◆ Work to complete ◆
The answer must consist only of the lines in the records below from the line with "龐中華進德修業楷書怎么寫" to the line with "金馆长熊猫00083-舒服", both included, copied word for word with every picture left out.

Input Start Marker

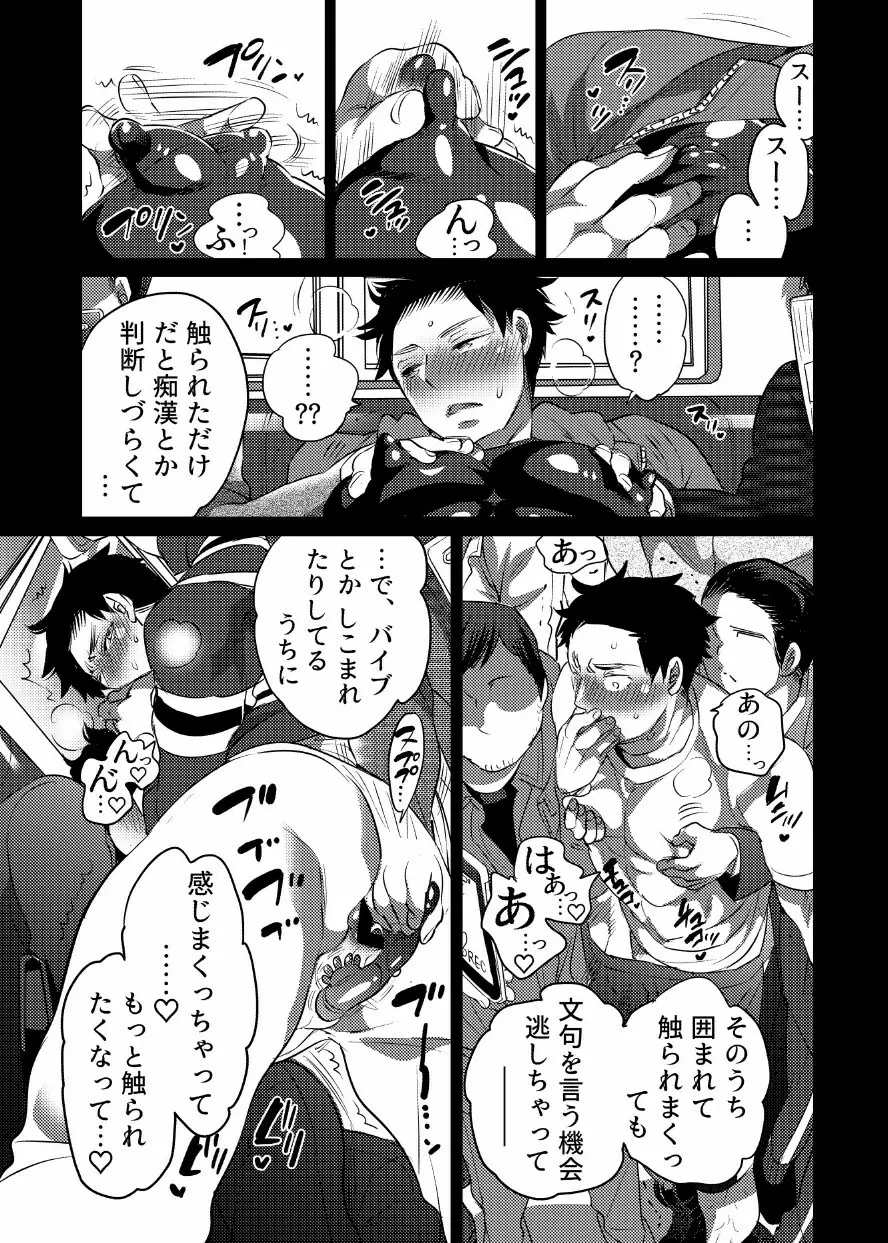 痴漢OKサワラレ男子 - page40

Input End Marker
Input Start Marker

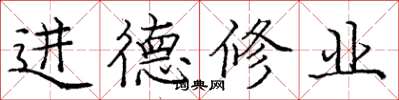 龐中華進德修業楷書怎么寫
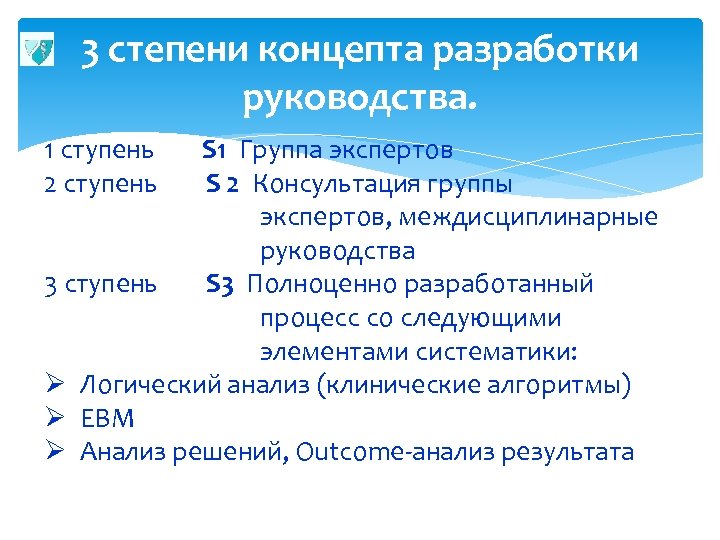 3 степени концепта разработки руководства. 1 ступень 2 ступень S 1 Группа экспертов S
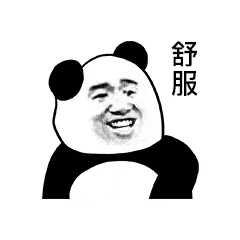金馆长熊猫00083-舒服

Input End Marker

◆ Result ◆
 龐中華進德修業楷書怎么寫
 3 степени концепта разработки руководства. 1 ступень 2 ступень S 1 Группа экспертов S
金馆长熊猫00083-舒服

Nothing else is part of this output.